2.3. Particleboard manufacturing

The adhesive applied to the particles was liquid phenol-formaldehyde, with a solids content of 52.32%, gel time at 121 °C of 8.19 minutes, and viscosity of 640 cP at 25 °C, with the amount of 8% resin solids calculated based on the dry mass of the particles. Liquid paraffin was also applied to the particles for all treatments in the amount of 1% solids, calculated on the same basis as the adhesive. Application of the adhesive and the paraffin emulsion were performed separately in this order on a rotary drum type gluer set to rotate at 12 RPM, inside which was a compressed-air pistol equipped with un upper cup used to spray the liquid onto the particles.

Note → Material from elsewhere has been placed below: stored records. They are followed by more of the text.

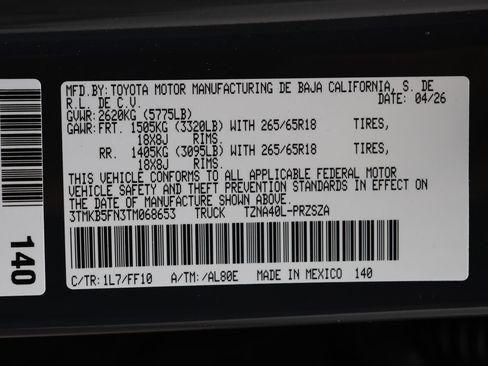 New 2026 Toyota Tacoma SR5 RWD image 31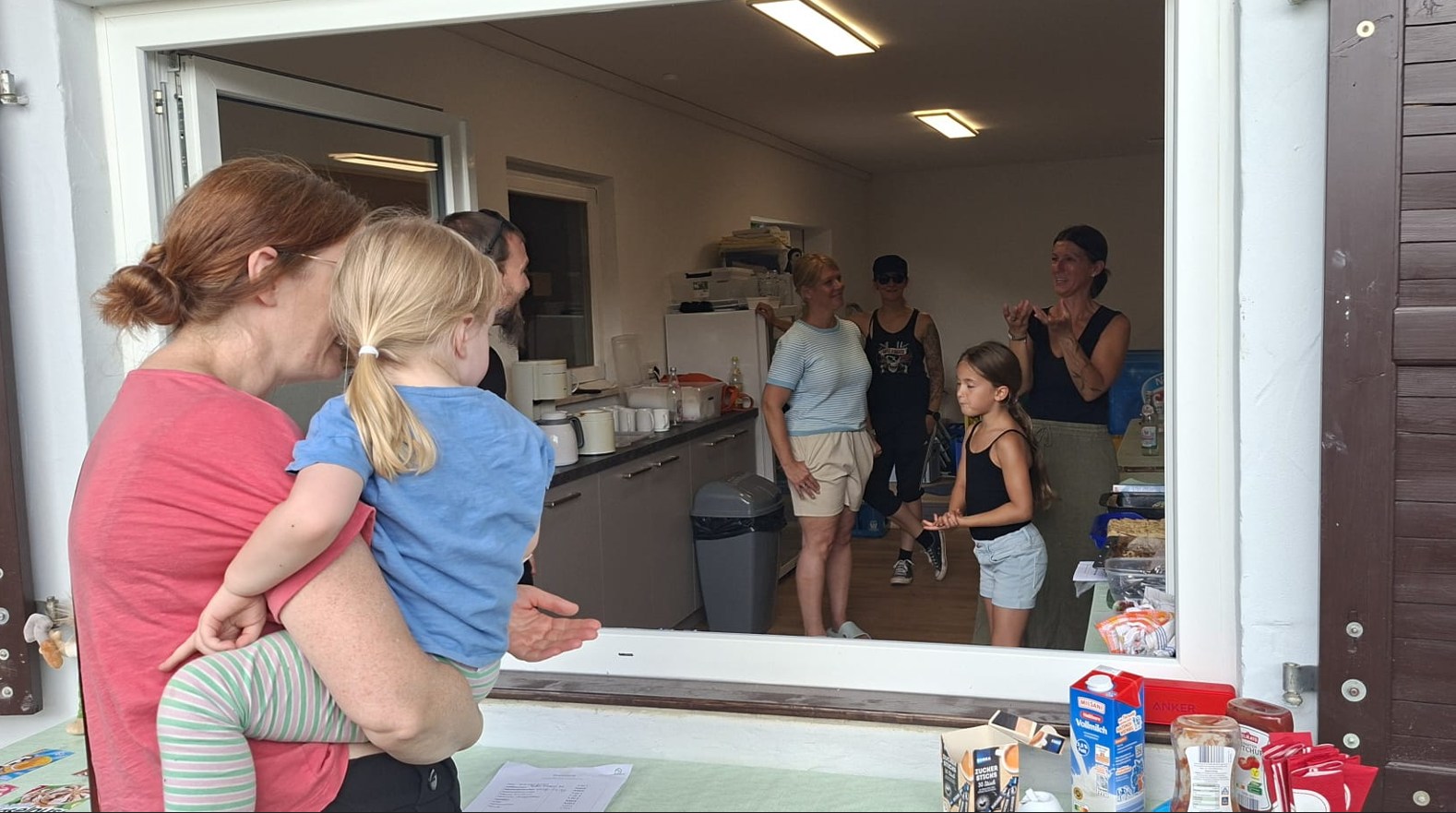Schlupfwinkel Ahorn zu Besuch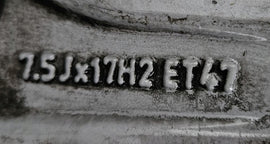 1x Alufelge 17 Zoll 7.5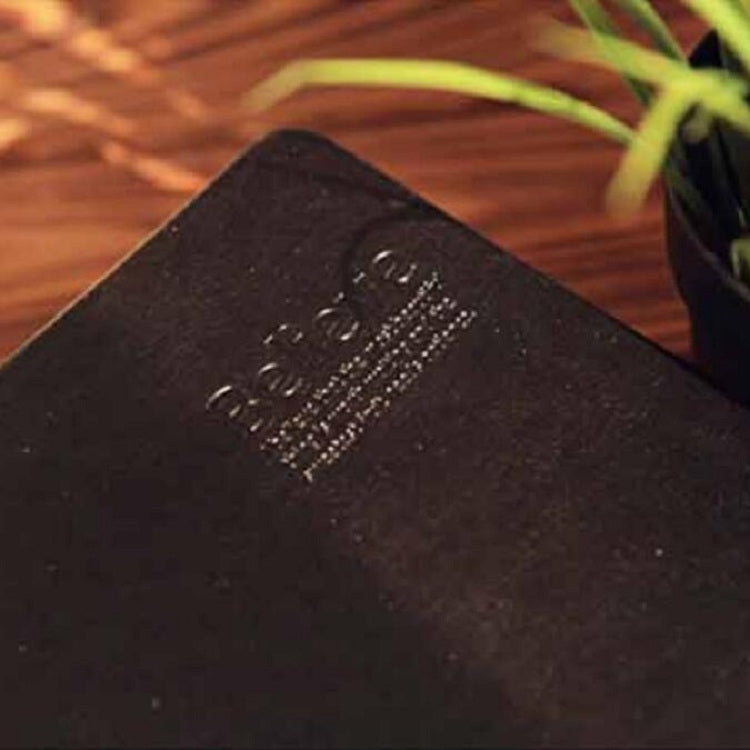 Ultra-Thick Retro Simple Lmitation Leather Thick Horizontal Blank Notebook, Specifications:Large Gold Rim Horizontal Line, Small White Rim Blank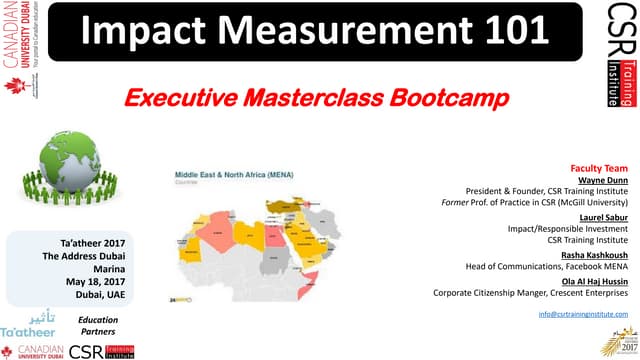 CSR Impact Measurement & Management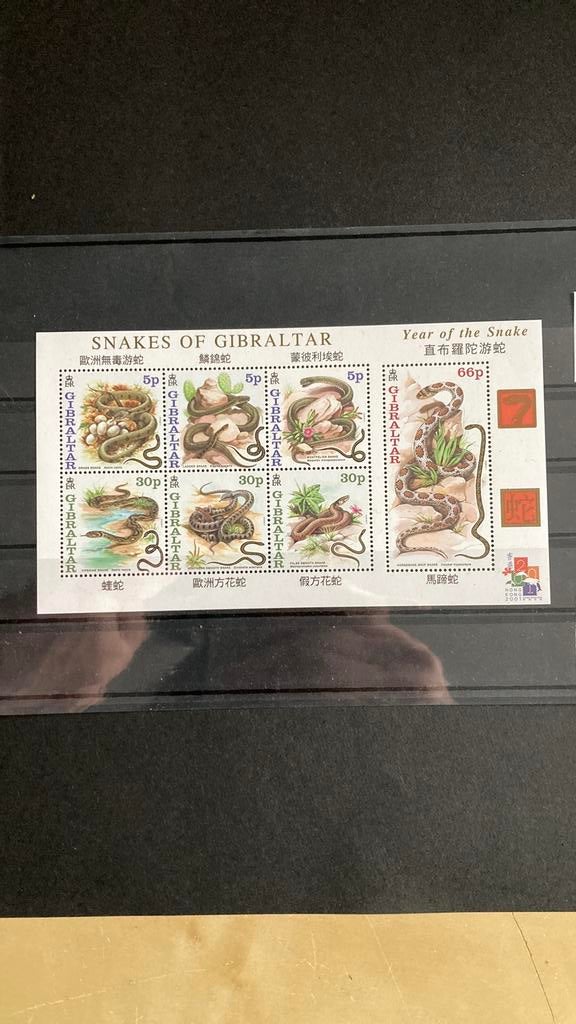 Gibraltar velletje jaar van de slang postbus/839, Ophalen of Verzenden, Dier of Natuur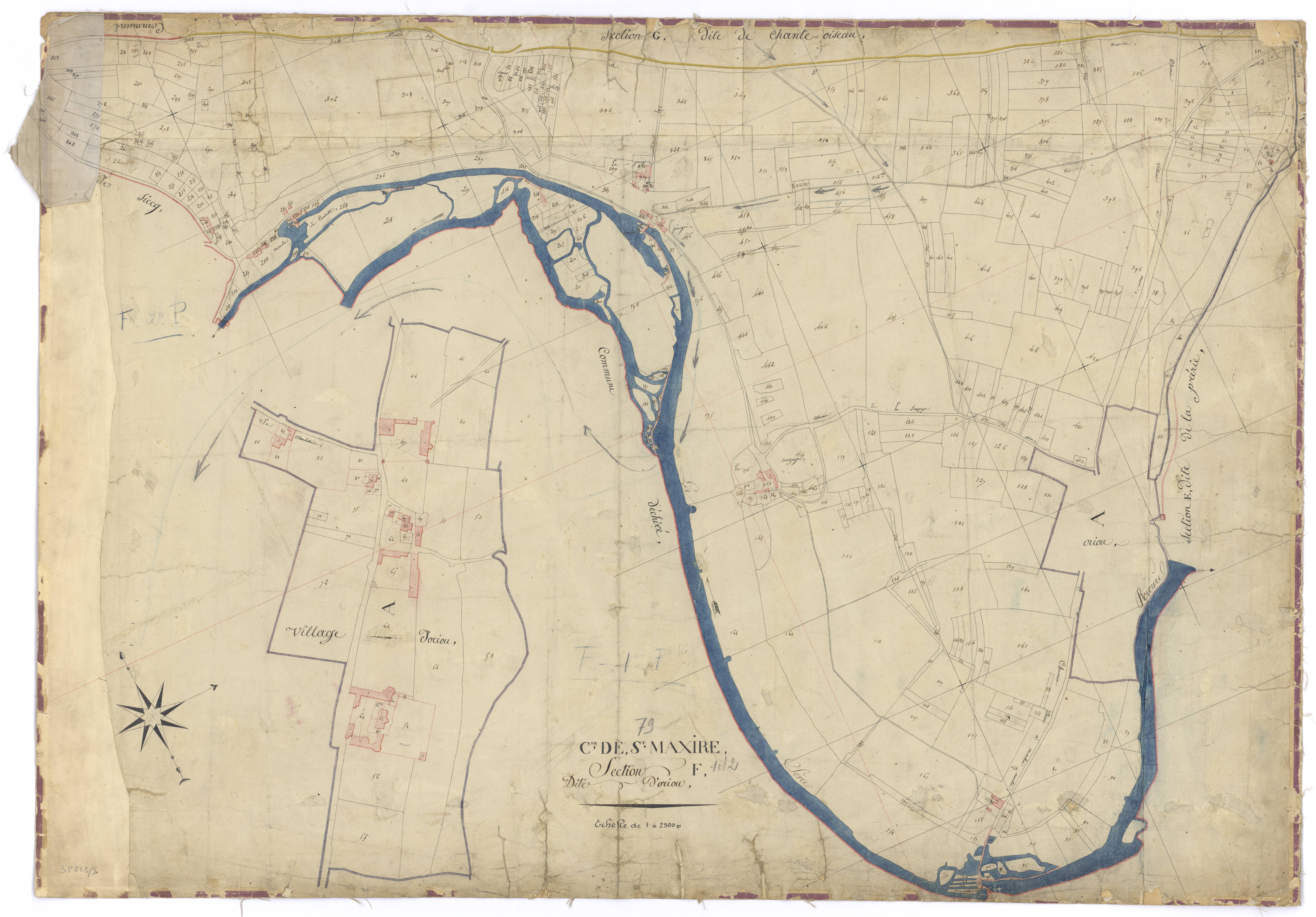 Saint-Maxire - FRAD079_CADASTRE_NAPOLEONIEN Section F dite d'Oriou 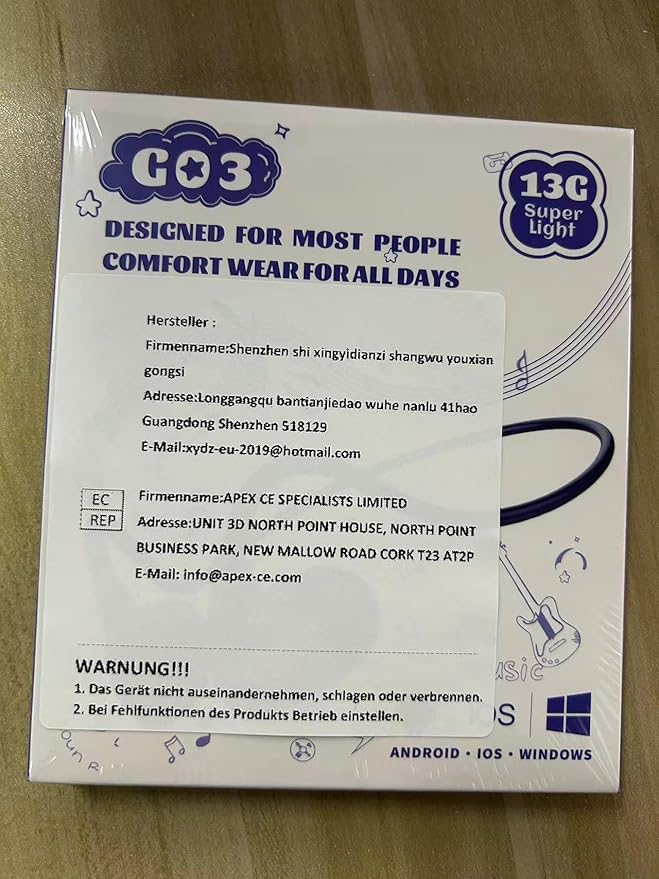 BANIGIPA Kids Headphones, Open Ear Headphones Comfortable for Teens Child Boys Girls, Wireless Bluetooth 5.4 Headset w/Mic for School/Tablet/Travel, 13g Ultra-Light, Protect Hearing, 10H Playtime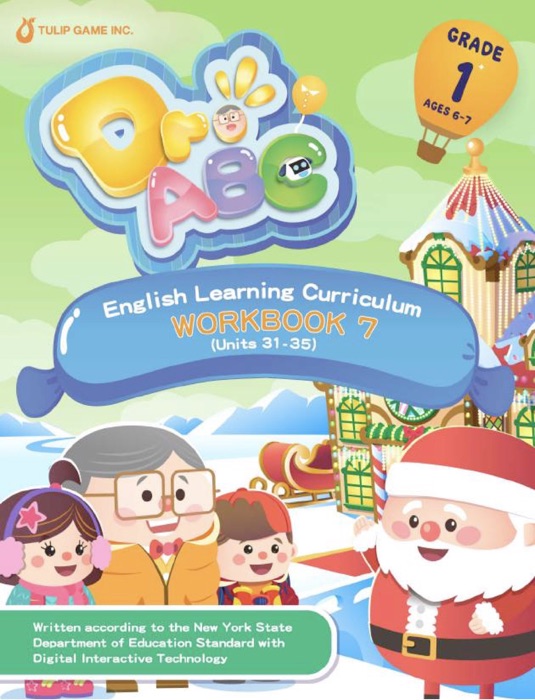 Dr. ABC: Grade 1 English Learning Curriculum: Level 4 - Workbook 7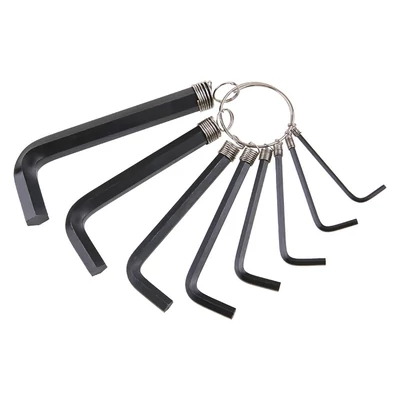 Imbuszkulcs készlet, 2–10 mm, 8 részes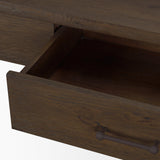 Mercana Belford 72" Dark Brown Oak Wood Console Table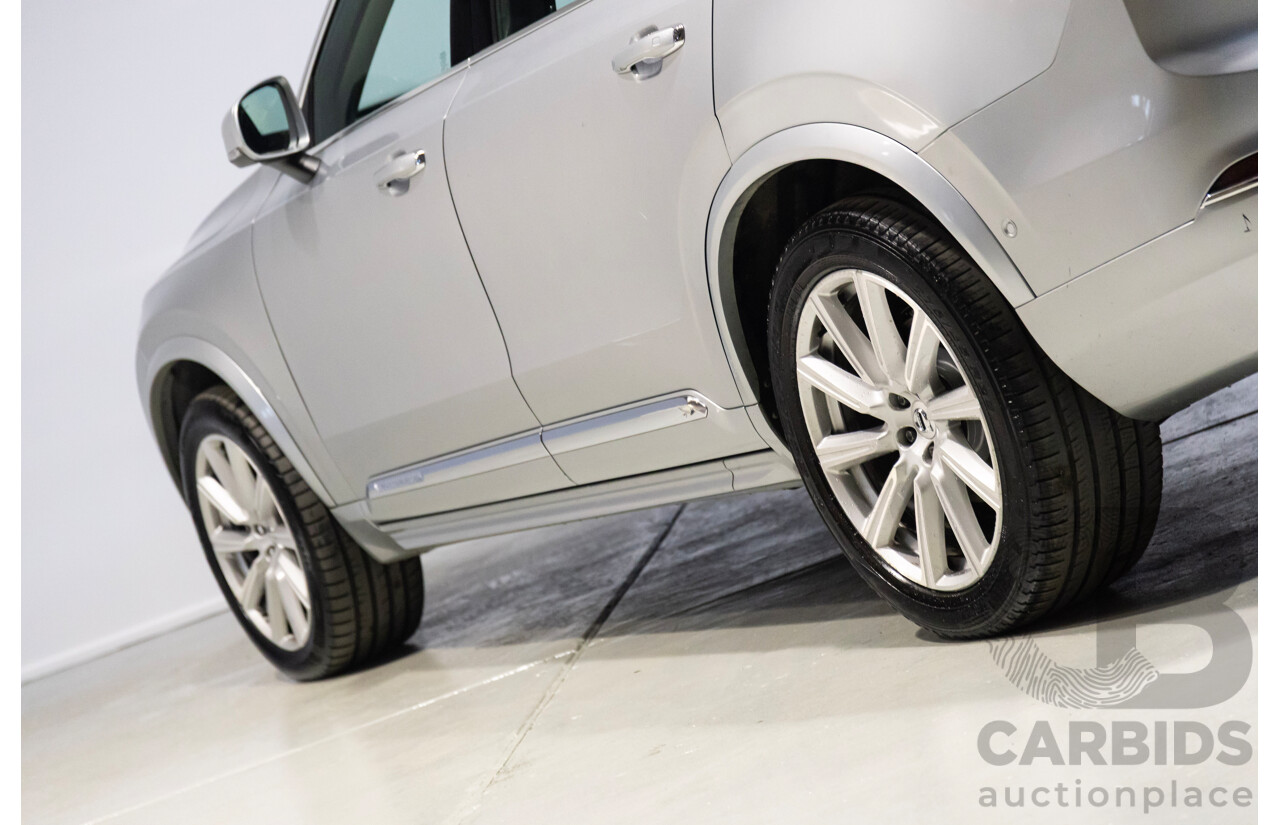 1/2016 Volvo XC90 D5 2.0 Inscription (AWD) 256 MY16 4d Wagon Electric Silver Metallic Turbo Diesel 2.0L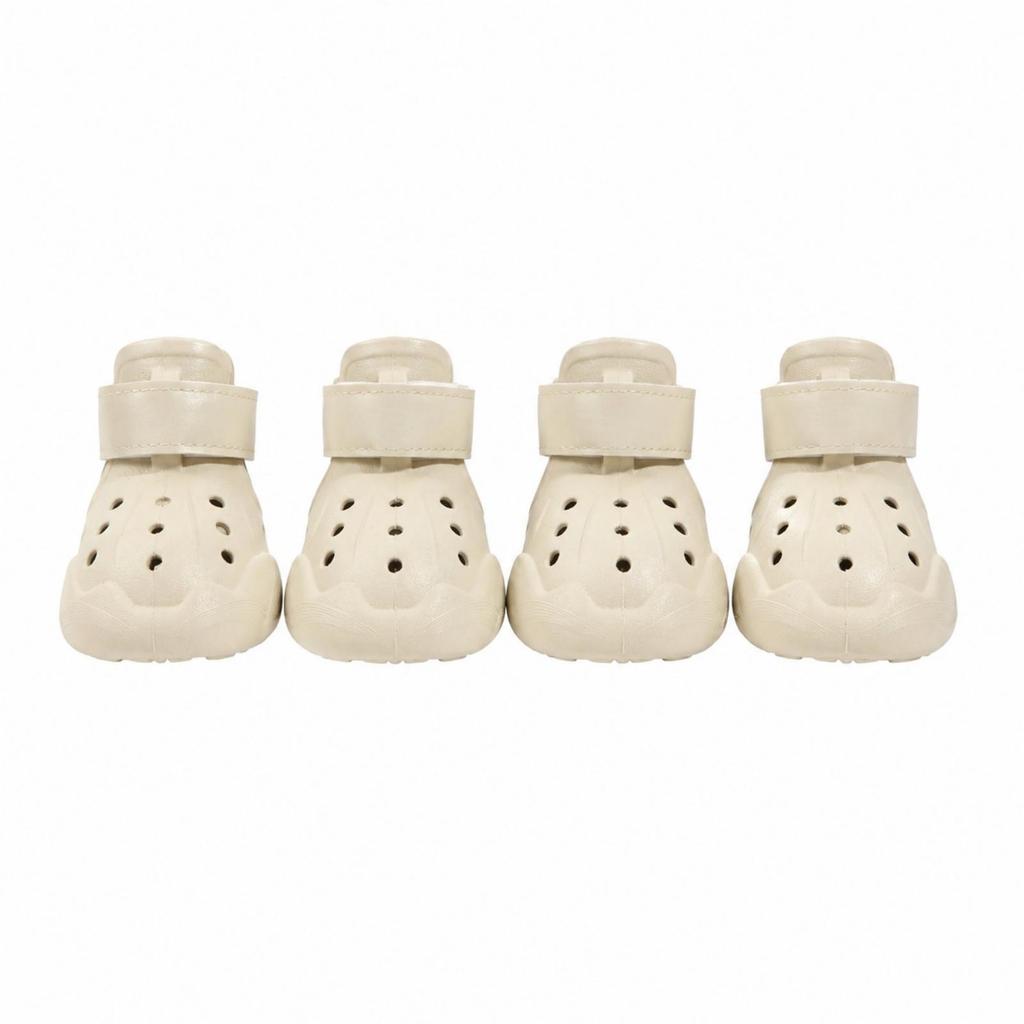 4 Pieces Dog Shoe with Hook-and-Loop Strap Breathable Paw Protector Lightweight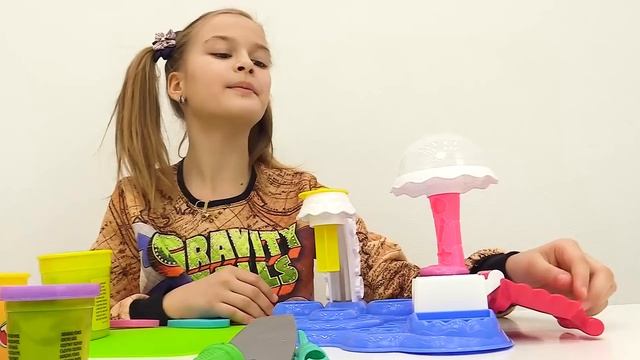 Торт для Монстер Хай Рашель и Гарета. Поделки из пластилина смотреть онлайн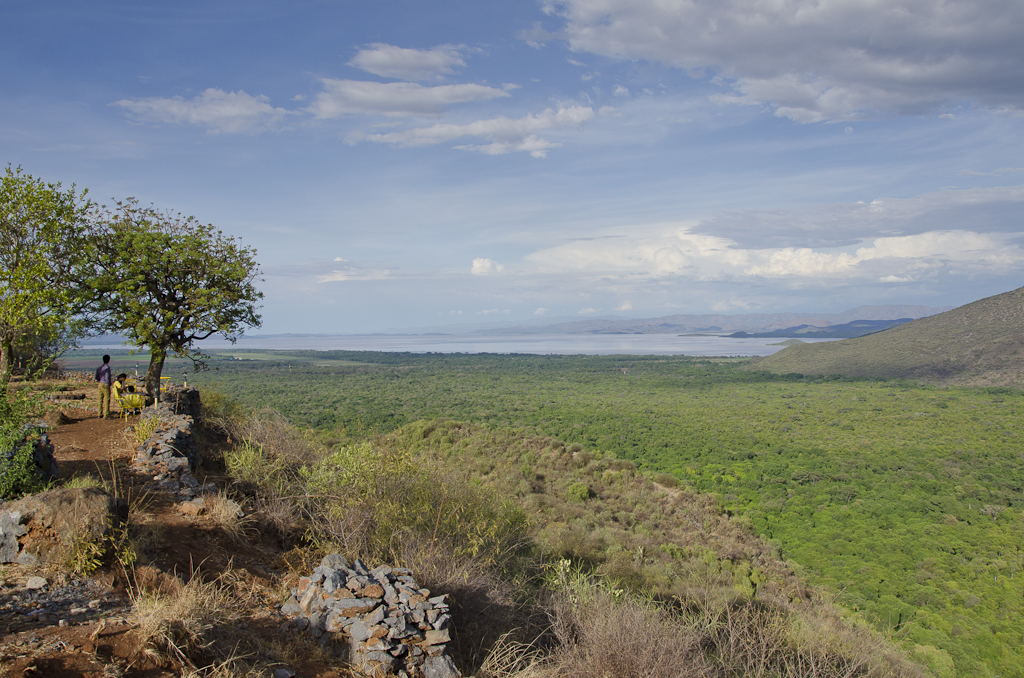 Panorama depuis notre lodge à Arba Minch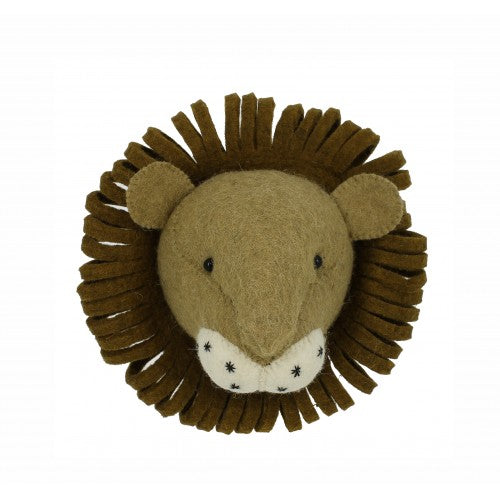 Fiona Walk mini lion head wall decor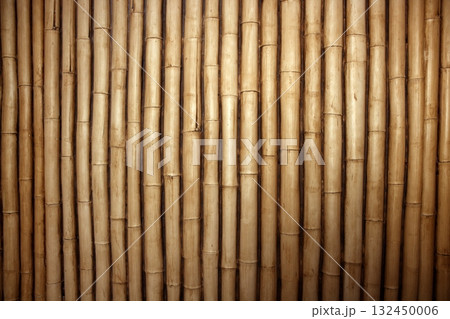 Bamboo cane row arrangement background Bamboo cane row arrangement background 132450006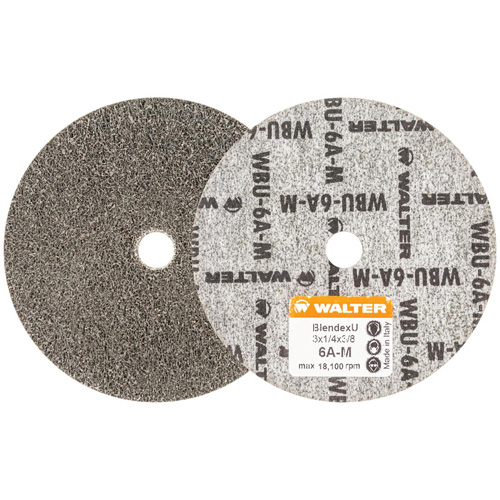 Disque de finition Blendex U, 3" dia., Grain 6AM, Carbure de silicium Mukwa Safety Services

The particles already impregnated with adhesive and paraffin were manually placed into a mat-forming wooden box with dimensions of 400 mm for the inner edge and 200 mm height. After the particulate-mat underwent cold pre-pressing, it was placed in a hydraulic press for hot pressing. The maximum pressure used during the pressing of the panels was 35 kgf/cm2 at a temperature of 180 °C and total time equal to 10 minutes using 15.7 mm thick separators.

After cooling, the particleboards were conditioned in an air-conditioned room with controlled temperature and relative humidity at 22±2 °C and 65±5%, respectively, remaining there until achieving constant mass, indicating that they had reached equilibrium moisture in this environment.

From the physical-mechanical tests performed, the following particleboard properties were evaluated: specific mass, moisture content, water absorption after 2 and 24 hours of immersion, thickness swelling after 2 and 24 hours of immersion, modulus of rupture (MoR) and modulus of elasticity (MoE) to static bending, and resistance to perpendicular traction (internal bonding). Specimen dimensions, test realization and calculation of property values complied with the requirements of standard NBR 14810-3 ( ABNT, 2006 ).

2.4. Statistical analysis

In order to verify the treatment effects on the properties of the particleboards produced, analyses of variance were performed, and Tukey average tests were subsequently conducted at the 5% probability in order to identify the means that differed from one another, using the SISVAR program. The mean values of each property evaluated were obtained per treatment and then compared with the minimum values specified by standard ANSI A208.1 ( CPA, 2009 ) for high density particleboards (H-1 classification) and particleboards for floor underlaying (PBU classification).

3. RESULTS AND DISCUSSION

3.1. Particle classification

Mean values obtained by the particle size analysis in the different species are shown in Table 2 .

Table 2 Particle size analysis. 

Species 4.00 mm 2.00 mm 0.85 mm 0.50 mm < 0.50 mm
%
Caryocar villosum 1.42 a (0.08) 37.80 b (1.79) 47.73 a (3.18) 5.83 a (0.63) 7.21 a (1.90)
Tachigali myrmecophyla 1.82 a (0.46) 38.60 b (1.48) 47.22 a (1.12) 5.42 a (0.20) 6.95 a (0.92)
Hymenolobium excelsum 1.19 a (0.03) 26.63 a (2.57) 53.29 b (0.55) 9.95 b (1.07) 8.95 a (1.43)

Means followed by the same letter do not differ statistically by Tukey test (α = 0.05). Values in parenthesis represent the standard deviation.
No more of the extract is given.